Minimal configuration example

For Sentinel-2 processing:

[darts]
ee-project = "ee-tobias-hoelzer"
model-files = ["./models/s2-tcvis-final-large_2025-02-12.ckpt"]
aoi-file = "./data/myaoi.gpkg"
start-date = "2024-07-01"
end-date = "2024-09-30"

Or using scene IDs directly:

[darts.inference.sentinel2-sequential]
model-files = ["./models/model1.pt", "./models/model2.pt"]
scene-ids = ["20230701T194909_20230701T195350_T11XNA", "20230704T195909_20230704T200350_T11XNA"]
output-data-dir = "./output"

Full configuration explanation

The pipeline can be configured via command-line arguments or a TOML configuration file. All parameters from the CLI help output are available as configuration options.

Core Parameters

  • model-files: List of model file paths for ensemble segmentation.

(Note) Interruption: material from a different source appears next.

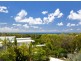13 Coconut Grove, Castaways Beach QLD 4567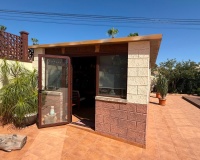 Venta - Villa - Torrevieja - Torrevieja Centro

If a single model is provided, ensemble features are disabled.
  • output-data-dir: Directory where processed outputs will be saved.
  • arcticdem-dir: Directory containing ArcticDEM datacube (auto-downloaded if missing).
  • tcvis-dir: Directory containing TCVis data.
  • device: Computing device ("cuda", "cpu", "auto", or specific GPU index).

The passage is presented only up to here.